Şiirin sonbahara yakıştığı çokça söylenir evet yakışır da fakat sonbahar şiir okuma mevsimi ile geçiştirilebilecek bir mevsim değildir! Şiiri, kitaplar, yazılanları anlama, idrak etme, kafa yorma mevsimidir, yazılanların manasına erme mevsimidir.

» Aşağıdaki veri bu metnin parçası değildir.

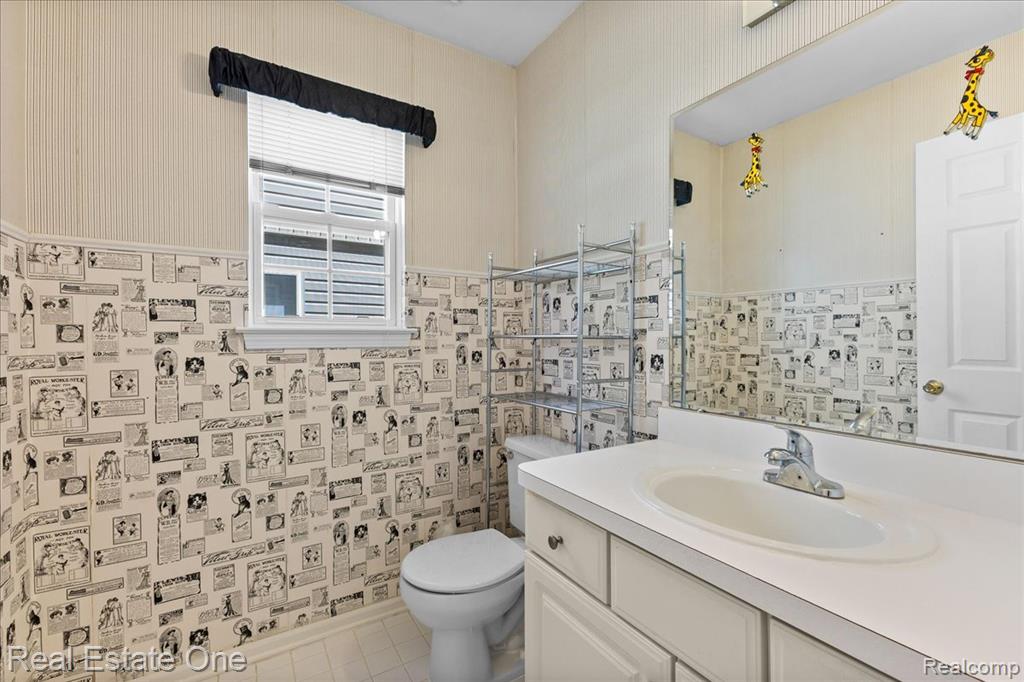 113 Algansee Drive, Troy, MI 48083 — Photo 13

“Sen her şeyi süpürebilirsin ; sonbaharı süpüremezsin
yalnızca , sürekli bir sonbaharı süpürür hep...düşünemezsin .“
Diyen Özdemir Asaf’ı
“Bâkî çemende hayli perişan imiş varak
benzer ki bir şikâyeti var rüzgârdan” diyen Bakî’ yi anlamaya çaba sarf etmektir.
Sorgulamadır düşünebilmektir “kavramsız sezgi kör ,sezgisiz kavram boştur”’un üstüne ahlak yasasını koya koya Kant’ı düşünmeyi deneyebilmektir!
Onca filme, şarkıya, şiire, kitaba konu olan mevsim salt aşk şiirleri ile anılmamalı!
Son bahar değil olsa olsa son’dan çok öte bir şey olmalı .
Kitapların kıştan sonra en fazla yakıştığı güzide mevsim , kendine yönelmedir iç sesini duyabilmeyi başarmak için çaba sarf etmeye heves ettirendir.
Hiç fark ettiniz mi bu mevsimin bir büyüsü var, sarının her tonuna şahit olabildiğimiz ,toprağın o muhteşem kokusu, ormanda yürürken ağaçlardan dönüp size çarpan o rüzgârın fısıldadığı…
Fark ettiniz mi bu mevsime huzur büyüsü yapılmış, uyanışı örnekleyen ne varsa bu mevsime şifrelenmiş, uzun sürecek uykuya dalmadan önce bir masal kentinde geçirilen son günün bütün güzellikleri sanki bu mevsime bahşedilmiş.
Fark ettiniz mi, bu mevsime huzur kokusu yayılmış bu mevsimin adı inanmak olsun denmiş sabretmek olsun, umut olsun, güvenmek olsun diyerek bezemiş kainatı O eşsiz sanatkar.
Fark ettiniz mi gerçeğe en yakın mevsim olduğunu, içimizdeki uzaklara gitmeleri çağrıştırdığını?
İçinizdeki boşlukta sallanmaktan korkmayın.
Ruha derin yolculuklar yaptıracak en güzel yolun başlangıcıdır hazan.